Par Sabrina Roh
Werhter! / d’après Les Souffrances du jeune Werther de Johann Wolfgang von Goethe / mise en scène Nicolas Stemann / Théâtre de Vidy / du 19 au 29 novembre 2015 / plus d’infos
Le metteur en scène Nicolas Stemann et le comédien Philippe Hochmair proposent à Vidy une version bilingue de Werther !, spectacle créé en Allemagne en 1997. Voilà presque vingt ans qu’ils donnent à voir leur lecture des Souffrances du jeune Werther de Goethe. Un tour de force dans lequel l’amoureux égocentrique paraît bien plus égocentrique qu’amoureux.
Werther aime Lotte. On lui avait bien dit de prendre garde, de ne pas tomber sous le charme de cette beauté déjà promise à Albert, mais en vain. Il tombe amoureux de Lotte à peine a-t-il posé les yeux sur elle. Au début, l’amour c’est le gazouillis des oiseaux, les doigts qui se frôlent et les bals qui ne prennent fin qu’au petit matin. Mais très vite, tout devient laid. Car aimer c’est aussi jalouser et vouloir posséder.
N’ayant droit qu’à un amour à sens unique, Werther persiste et note la moindre évolution dans son journal. Mais plus le temps passe, plus l’espoir s’amenuise. Très vite, ses écrits prennent la forme d’une complainte qu’il entretient et dans laquelle il s’installe, ma foi, confortablement. Mais ses pensées sont-elles toujours dédiées à Lotte ? N’est-ce pas un amour pour sa souffrance que Werther a fini par développer ? Car sur scène, le buste qui représente sa bien-aimée a des traits bien impersonnels.
Assis à la table trônant au centre de l’espace scénique, le Werther des temps modernes, tantôt en militaire, tantôt en cowboy des grands espaces, incarne LA virilité, l’homme sûr de lui. Puis, en lisant le passage qui relate sa première rencontre avec Lotte, il devient plus solennel, se transformant en conférencier propret. Et c’est le début de la fin : 28 août, 29 août, 30 août, 31 août, 32 août… Les jours passent et les lectures du texte de Goethe se font plus rares, faisant place à des moments proches de la performance, durant lesquels Werther laisse échapper sa joie et sa souffrance. Euphorique, il se met torse nu et s’affuble d’une couronne de feuilles d’or. Se prenant pour l’empereur de l’amour, il saute sur la table, cherchant des gestes à la hauteur de son effervescence. L’amour rend fou ? Oui, mais ce n’est un secret pour personne.
Werther aime Lotte, certes, mais il aime encore plus le fait d’aimer Lotte.
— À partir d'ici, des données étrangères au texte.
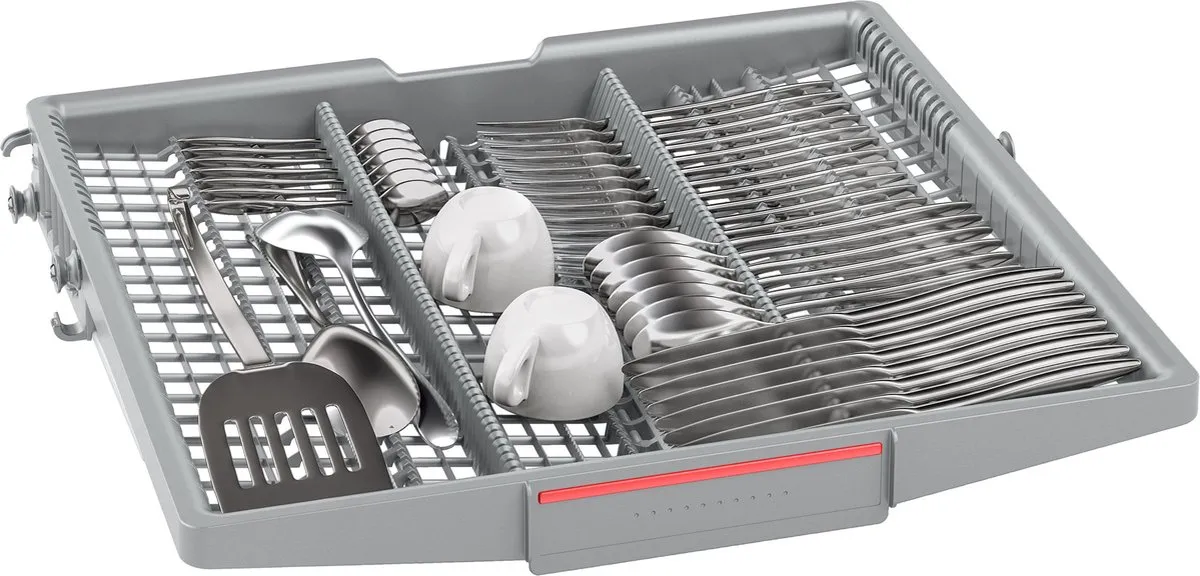 Bosch Serie 4 SMV4HVX00E Inbouwvaatwasser - 14 Couverts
Et c’est en dressant le portrait de cet égocentrique que la mise en scène de Philippe Hochmair réalise un réel exploit. Tout au long de sa descente aux enfers, Werther manipule une caméra, qu’il pointe très souvent sur lui, son image se reflétant sur un grand écran accroché au fond de la scène. Dans les moments où la raison semble quitter le héros romantique, ce dernier garde en fait un réel contrôle sur ses actions. Il jouera ainsi une dizaine de fois la réplique « L’âme qui sait aimer », avec des intentions différentes. Simultanément, il enchaîne les arrêts sur image, créant des autoportraits (pour ne pas dire selfies). Enfin, le résultat satisfait Werther, qui jette son dévolu sur une photo où il arbore un air mélancolique. Le torse nu et la couronne de feuilles font finalement de lui, non plus un empereur, mais un martyre.
« Albert va venir et moi je dois partir ». Oui Werther, va-t’en. Tu as tenté ta chance. Essayé pas pu comme on dit chez nous. « Oui, oui. Merci Lausanne ». Il sort. Le public applaudit. Mais il revient. Juste pour ajouter quelque chose. Et il revient. Encore, et encore, et encore. Et le public applaudit, toujours. Werther, un homme amoureux de sa souffrance.